Sosok Nurcholish Madjid (Cak Nur) kemudian dinobatkan sebagai lokomotif pembuka bagi tergelarnya wacana neo- modernisme Islam Indonesia di kemudian hari. Neo-modernisme lebih menempatkan Islam sebagai sebuah sistem dan tatanan nilai yang harus dibumikan selaras dengan tafsir serta tuntutan zaman yang kian dinamis.
Watak pemikirannya yang inklusif, moderat, dan plural menggiringnya untuk membentuk sikap keagamaan yang menghargai timbulnya perbedaan. Tentu saja dengan tetap menggunakan bingkai pemikiran keislaman yang viable, murni (genuine) dan tetap berpijak kukuh pada tradisi.
Melihat kerangka pikir ini, maka wajar jika orang kemudian menghubungkan wacana semacam ini dengan paradigma pemikiran yang diusung oleh intelektual muslim terkemuka, Fazlur Rahman. Tokoh reformis asal Pakistan ini, dinilai memiliki andil besar dan pengaruh yang sangat kuat bagi berseminya wacana Islam liberal di Indonesia. Hal ini – antara lain – dapat dirujuk dari kedekatan Rahman dengan Cak Nur, pelopor dari gerakan pembaruan Islam di Indonesia.

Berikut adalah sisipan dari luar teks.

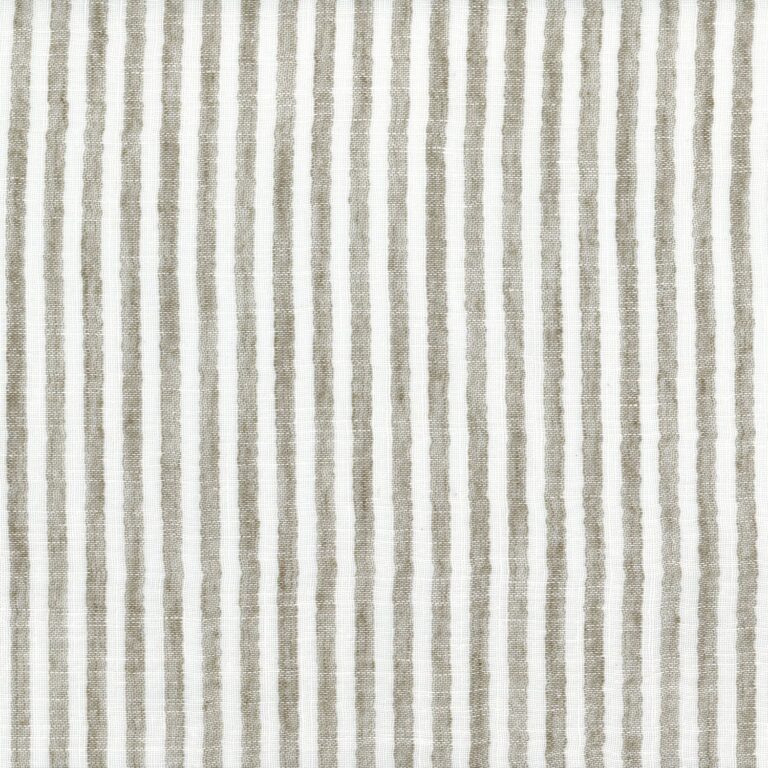 Ткань Casamance — Hera — Taupe — 45250831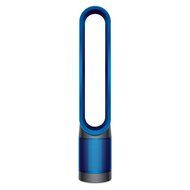 Dyson Pure Cool Link Air Purifier, White N6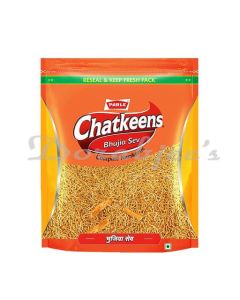 PARLE CHATKEENS BHUJIA SEV 500G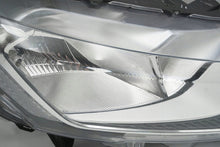 Laden Sie das Bild in den Galerie-Viewer, Frontscheinwerfer Ford Tourneo Connect Transit KT1B-13W029-AD Rechts Headlight SCH7530870779yb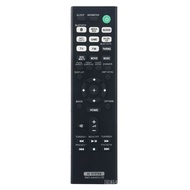 New RMT-AA401U For Sony Audio Video AV Receiver Remote Control STR-DH190 STR-DH590 STR-DH790 HT-X900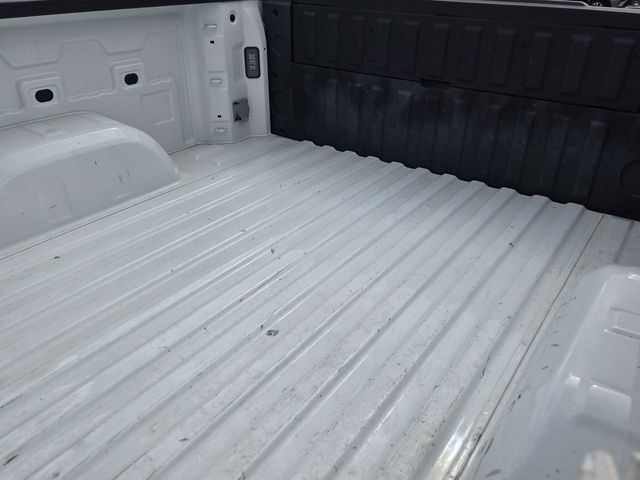 2023 GMC Sierra 1500 SLE Folsom CA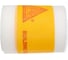 Лента для герметизации швов, примыканий и углов во влажных помещениях SIKA SealTape S Рулон10 м 658121 4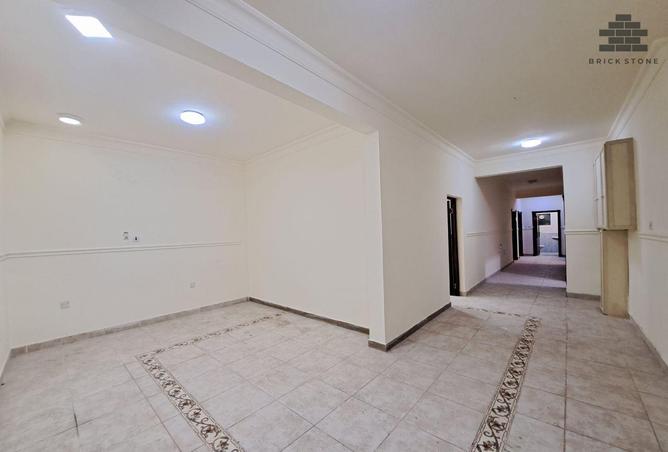 53003938 - Property Main Image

Kebetulan, Cak Nur beserta beberapa tokoh dari Indonesia, termasuk Syafi’i Ma’arif, sempat berhubungan dan berguru langsung dengan Fazlur Rahman. Cukup wajar jika pada akhirnya peran Fazlur Rahman disebut-sebut sebagai “ikon” yang melekat dalam aliran pemikiran Islam modern di negeri ini.
Secara umum neo-modernisme Islam bisa dicirikan sebagai berikut:
- neo-modernisme Islam merupakan gerakan kultural- intelektual yang muncul untuk melakukan rekontruksi internal pada umat Islam dengan merumuskan lagi warisan Islam secara lebih utuh, konprehensif, kontekstual dan universal.
- pada prinsipnya neo-modernisme muncul sebagai tindak lanjut atas usaha-usaha pembaru kelompok modernis terdahulu, yang karena keterbatasan-keterbatasan tertentu masih meninggalkan sejumlah masalah yang belum bisa diatasi.
- dalam konteks keindonesiaan, kemunculan gerakan neo- modernisme Islam lebih merupakan kritik sekaligus solusi atas pandangan dua arus utama yaitu Islam tradisionalis dan Islam modernis yang selalu berada dalam pertarungan konseptual yang nyaris tidak pernah usai. Neo-modernisme Islam hadir untuk menawarkan konsep-konsep pemikiran yang melampaui kedua arus utama tersebut.
- kemunculan neo-modernisme Islam di Indonesia wacana awal gerakan modernisasi dalam arti rasionalisasi, yaitu merombak cara kerja lama yang tidak aqliyah. Pembaruan menyentuh wilayah yang luas, baik itu persoalan keagamaan, sosial-politi, bahkan masalah pendidikan.